Ce projet, financé par l’Union européenne et l’Organisation Mondiale de la Santé (OMS) et né du travail conjoint de l’IRD (Institut de Recherche et de Développement) et de ses partenaires, développe des interventions pour lutter contre la pratique abusive des césariennes dans 32 hôpitaux en Argentine, au Burkina-Faso, en Thaïlande et au Vietnam.
Alexandre Dumont est gynécologue-obstétricien, directeur de recherche à l’IRD, chercheur épidémiologiste au Ceped (Université Paris Cité). Il est le coordinateur scientifique du projet Quali-Dec, qui réunit un Consortium de 9 pays et une équipe internationale pluridisciplinaire (praticiens de la santé, chercheurs en sciences sociales et médicales…).

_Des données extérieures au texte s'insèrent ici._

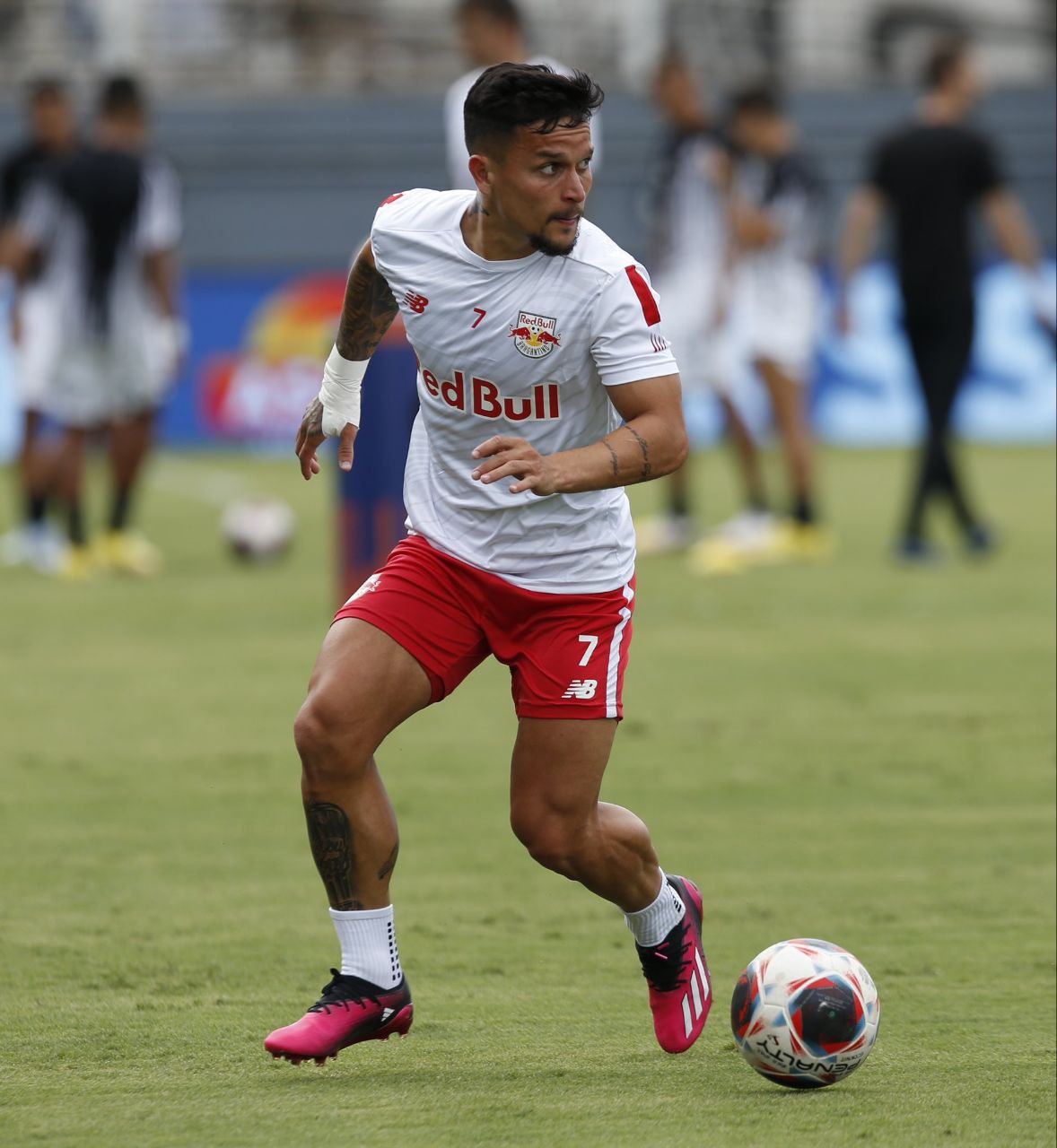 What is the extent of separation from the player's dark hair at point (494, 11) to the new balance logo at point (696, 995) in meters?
5.50

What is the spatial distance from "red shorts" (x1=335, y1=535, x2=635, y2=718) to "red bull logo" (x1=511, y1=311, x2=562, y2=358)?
532 mm

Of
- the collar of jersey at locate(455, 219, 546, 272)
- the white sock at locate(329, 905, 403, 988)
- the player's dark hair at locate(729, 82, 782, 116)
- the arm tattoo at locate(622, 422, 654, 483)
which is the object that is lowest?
the white sock at locate(329, 905, 403, 988)

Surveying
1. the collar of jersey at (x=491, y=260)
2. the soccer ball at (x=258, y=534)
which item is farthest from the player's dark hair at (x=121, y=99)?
the collar of jersey at (x=491, y=260)

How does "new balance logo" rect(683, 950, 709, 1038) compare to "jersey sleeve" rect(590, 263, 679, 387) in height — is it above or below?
below

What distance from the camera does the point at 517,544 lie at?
4613 mm

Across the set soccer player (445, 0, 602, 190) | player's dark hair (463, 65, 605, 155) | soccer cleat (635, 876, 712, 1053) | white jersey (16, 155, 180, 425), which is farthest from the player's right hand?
white jersey (16, 155, 180, 425)

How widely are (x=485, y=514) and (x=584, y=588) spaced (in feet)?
0.91

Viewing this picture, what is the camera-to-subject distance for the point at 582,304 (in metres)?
4.36

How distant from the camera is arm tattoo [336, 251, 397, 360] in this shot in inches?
189

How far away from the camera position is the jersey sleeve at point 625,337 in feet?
14.2

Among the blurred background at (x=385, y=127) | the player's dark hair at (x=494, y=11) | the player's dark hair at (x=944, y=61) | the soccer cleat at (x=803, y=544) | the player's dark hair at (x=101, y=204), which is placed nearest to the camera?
the player's dark hair at (x=494, y=11)

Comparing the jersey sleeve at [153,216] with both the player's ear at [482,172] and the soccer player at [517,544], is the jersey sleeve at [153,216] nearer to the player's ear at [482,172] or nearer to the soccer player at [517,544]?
the soccer player at [517,544]

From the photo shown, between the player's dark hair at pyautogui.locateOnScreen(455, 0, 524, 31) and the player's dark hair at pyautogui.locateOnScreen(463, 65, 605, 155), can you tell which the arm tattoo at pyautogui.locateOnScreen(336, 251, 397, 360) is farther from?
the player's dark hair at pyautogui.locateOnScreen(455, 0, 524, 31)

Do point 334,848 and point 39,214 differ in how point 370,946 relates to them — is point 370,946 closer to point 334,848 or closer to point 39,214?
point 334,848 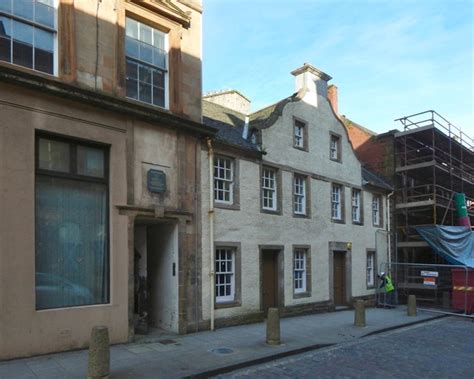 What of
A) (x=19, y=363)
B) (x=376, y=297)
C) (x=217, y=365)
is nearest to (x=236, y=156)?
(x=217, y=365)

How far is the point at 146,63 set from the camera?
37.0ft

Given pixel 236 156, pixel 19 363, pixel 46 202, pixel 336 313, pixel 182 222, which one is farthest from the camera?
pixel 336 313

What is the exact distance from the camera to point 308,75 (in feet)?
55.8

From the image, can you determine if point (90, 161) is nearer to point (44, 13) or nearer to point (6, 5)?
point (44, 13)

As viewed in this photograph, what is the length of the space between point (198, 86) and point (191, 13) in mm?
2005

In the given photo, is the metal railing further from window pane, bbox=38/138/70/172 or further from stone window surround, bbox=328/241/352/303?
window pane, bbox=38/138/70/172

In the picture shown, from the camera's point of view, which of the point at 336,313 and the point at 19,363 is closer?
the point at 19,363

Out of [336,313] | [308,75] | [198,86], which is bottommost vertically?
[336,313]

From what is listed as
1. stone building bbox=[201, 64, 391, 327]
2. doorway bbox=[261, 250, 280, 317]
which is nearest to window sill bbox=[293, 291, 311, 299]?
stone building bbox=[201, 64, 391, 327]

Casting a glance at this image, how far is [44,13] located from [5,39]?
42.6 inches

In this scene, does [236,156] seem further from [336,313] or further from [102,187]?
[336,313]

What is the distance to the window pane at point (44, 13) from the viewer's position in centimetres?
930

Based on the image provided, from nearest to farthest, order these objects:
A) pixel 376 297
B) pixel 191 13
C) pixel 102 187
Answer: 1. pixel 102 187
2. pixel 191 13
3. pixel 376 297

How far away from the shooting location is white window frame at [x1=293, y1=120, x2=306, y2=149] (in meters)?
16.0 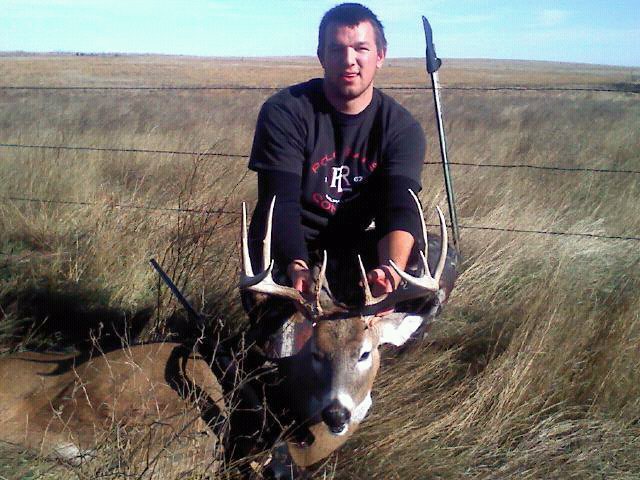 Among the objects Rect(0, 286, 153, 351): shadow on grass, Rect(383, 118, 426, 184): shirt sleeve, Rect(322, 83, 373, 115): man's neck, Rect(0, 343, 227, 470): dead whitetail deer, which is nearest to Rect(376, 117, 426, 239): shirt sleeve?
Rect(383, 118, 426, 184): shirt sleeve

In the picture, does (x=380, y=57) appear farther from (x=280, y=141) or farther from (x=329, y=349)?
(x=329, y=349)

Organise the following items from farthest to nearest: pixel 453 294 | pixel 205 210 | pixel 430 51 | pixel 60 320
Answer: pixel 205 210 < pixel 430 51 < pixel 453 294 < pixel 60 320

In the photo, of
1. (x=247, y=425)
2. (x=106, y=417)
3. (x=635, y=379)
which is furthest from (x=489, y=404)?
(x=106, y=417)

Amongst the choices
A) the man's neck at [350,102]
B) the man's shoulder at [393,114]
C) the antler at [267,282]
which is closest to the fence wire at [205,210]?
the man's neck at [350,102]

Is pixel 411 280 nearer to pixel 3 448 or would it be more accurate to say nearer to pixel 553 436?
pixel 553 436

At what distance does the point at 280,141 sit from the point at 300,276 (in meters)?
0.86

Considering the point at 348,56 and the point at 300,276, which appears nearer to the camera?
the point at 300,276

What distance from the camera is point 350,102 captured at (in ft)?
11.9

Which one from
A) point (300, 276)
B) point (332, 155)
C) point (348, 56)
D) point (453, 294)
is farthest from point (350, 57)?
point (453, 294)

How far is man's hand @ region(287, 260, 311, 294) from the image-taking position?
3066mm

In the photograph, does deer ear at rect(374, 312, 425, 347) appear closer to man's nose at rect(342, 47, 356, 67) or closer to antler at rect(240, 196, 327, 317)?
antler at rect(240, 196, 327, 317)

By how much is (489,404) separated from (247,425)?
45.7 inches

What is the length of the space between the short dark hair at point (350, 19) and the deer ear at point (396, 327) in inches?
57.4

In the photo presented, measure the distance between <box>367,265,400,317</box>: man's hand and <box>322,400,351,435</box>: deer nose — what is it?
0.46 m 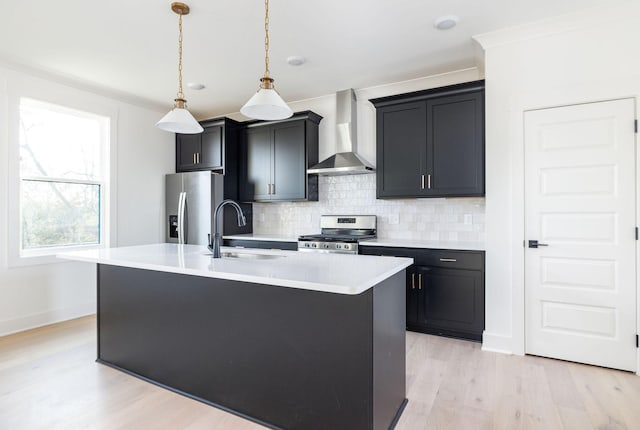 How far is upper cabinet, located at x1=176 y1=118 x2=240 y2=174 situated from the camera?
4.77 m

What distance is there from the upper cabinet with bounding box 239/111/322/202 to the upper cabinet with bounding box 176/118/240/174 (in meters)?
0.17

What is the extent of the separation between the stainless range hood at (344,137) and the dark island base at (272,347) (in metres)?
2.22

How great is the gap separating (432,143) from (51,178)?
4.14 meters

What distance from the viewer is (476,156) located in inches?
131

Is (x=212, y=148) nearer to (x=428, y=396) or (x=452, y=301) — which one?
(x=452, y=301)

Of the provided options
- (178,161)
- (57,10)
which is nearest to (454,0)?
(57,10)

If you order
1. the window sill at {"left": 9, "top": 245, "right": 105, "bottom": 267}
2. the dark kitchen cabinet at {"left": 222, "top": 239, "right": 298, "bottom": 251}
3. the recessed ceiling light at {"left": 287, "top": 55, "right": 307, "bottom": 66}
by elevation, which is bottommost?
the window sill at {"left": 9, "top": 245, "right": 105, "bottom": 267}

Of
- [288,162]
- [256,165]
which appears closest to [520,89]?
[288,162]

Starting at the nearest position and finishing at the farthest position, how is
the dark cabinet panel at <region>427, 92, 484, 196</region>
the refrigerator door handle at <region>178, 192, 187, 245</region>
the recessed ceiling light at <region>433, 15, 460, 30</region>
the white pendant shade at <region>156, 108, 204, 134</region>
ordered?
the white pendant shade at <region>156, 108, 204, 134</region> < the recessed ceiling light at <region>433, 15, 460, 30</region> < the dark cabinet panel at <region>427, 92, 484, 196</region> < the refrigerator door handle at <region>178, 192, 187, 245</region>

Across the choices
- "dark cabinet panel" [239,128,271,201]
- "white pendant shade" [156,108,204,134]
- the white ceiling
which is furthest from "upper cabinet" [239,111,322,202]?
"white pendant shade" [156,108,204,134]

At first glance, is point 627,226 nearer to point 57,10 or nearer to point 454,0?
point 454,0

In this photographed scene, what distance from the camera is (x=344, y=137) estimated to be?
169 inches

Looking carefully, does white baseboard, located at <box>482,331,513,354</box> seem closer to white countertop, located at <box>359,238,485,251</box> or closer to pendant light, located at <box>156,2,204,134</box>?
white countertop, located at <box>359,238,485,251</box>

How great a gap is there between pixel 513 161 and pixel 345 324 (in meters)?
2.18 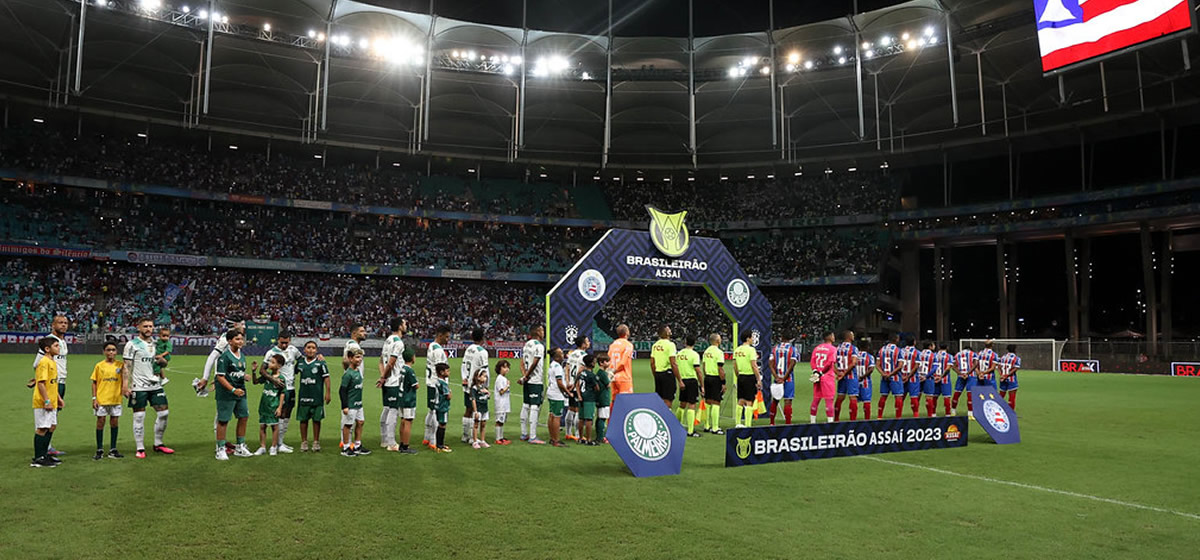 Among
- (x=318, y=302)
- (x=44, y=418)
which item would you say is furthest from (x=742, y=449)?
(x=318, y=302)

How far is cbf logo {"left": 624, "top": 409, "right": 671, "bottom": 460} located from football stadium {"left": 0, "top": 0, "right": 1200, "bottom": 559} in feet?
0.15

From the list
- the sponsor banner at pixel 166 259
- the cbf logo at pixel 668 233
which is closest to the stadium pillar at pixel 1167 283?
the cbf logo at pixel 668 233

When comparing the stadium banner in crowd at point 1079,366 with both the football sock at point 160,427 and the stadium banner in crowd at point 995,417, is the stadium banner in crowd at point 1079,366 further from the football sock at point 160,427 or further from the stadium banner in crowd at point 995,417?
the football sock at point 160,427

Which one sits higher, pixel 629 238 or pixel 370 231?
pixel 370 231

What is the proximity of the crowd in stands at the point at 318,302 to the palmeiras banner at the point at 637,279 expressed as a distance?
1372 inches

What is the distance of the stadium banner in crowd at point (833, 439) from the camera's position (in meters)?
10.0

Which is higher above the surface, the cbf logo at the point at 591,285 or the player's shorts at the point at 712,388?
the cbf logo at the point at 591,285

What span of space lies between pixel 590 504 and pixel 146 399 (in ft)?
23.4

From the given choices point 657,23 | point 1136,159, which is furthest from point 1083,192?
point 657,23

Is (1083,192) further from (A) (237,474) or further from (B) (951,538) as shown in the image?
(A) (237,474)

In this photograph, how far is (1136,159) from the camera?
47.8 meters

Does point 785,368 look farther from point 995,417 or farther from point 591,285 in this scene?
point 591,285

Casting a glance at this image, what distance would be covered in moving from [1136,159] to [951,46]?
2107 cm

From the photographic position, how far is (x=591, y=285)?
15.7 m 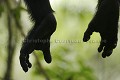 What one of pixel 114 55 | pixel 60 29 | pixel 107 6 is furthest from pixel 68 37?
pixel 107 6

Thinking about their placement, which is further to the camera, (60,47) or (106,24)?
(60,47)

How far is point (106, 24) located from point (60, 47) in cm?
141

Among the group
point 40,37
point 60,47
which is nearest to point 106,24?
point 40,37

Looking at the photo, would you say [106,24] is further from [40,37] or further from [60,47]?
[60,47]

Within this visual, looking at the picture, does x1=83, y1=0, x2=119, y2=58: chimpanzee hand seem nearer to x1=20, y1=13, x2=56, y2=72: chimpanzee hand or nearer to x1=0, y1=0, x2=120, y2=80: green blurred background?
x1=20, y1=13, x2=56, y2=72: chimpanzee hand

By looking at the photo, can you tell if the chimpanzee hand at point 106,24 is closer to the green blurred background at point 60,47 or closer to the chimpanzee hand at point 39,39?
the chimpanzee hand at point 39,39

Vous parlez de la pratique abusive des césariennes comme d’une “crise sanitaire silencieuse”. Qu’est-ce qui vous pousse aujourd’hui à dresser un tel constat ?
Il s’agit véritablement d’une crise sanitaire. Les taux de césariennes ont augmenté depuis les années 1990 pour atteindre aujourd’hui un taux mondial d’à peu près 23%. L’OMS estime qu’au-delà d’un taux de 15%, la plupart des césariennes effectuées ne sont pas nécessaires. A l’échelle mondiale cela représente des millions de césariennes pratiquées de manière inutile, et presque tous les pays sont concernés.
L’accouchement par césarienne reste une intervention chirurgicale avec des complications intrinsèques, beaucoup plus invasive que certains peuvent se le représenter. Les césariennes sont bien plus risquées pour la mère et l’enfant que les accouchements par voie basse : plus d’hémorragies, plus de cas de détresse respiratoires du nouveau-né, plus de complications à long terme qui peuvent impacter les grossesses futures…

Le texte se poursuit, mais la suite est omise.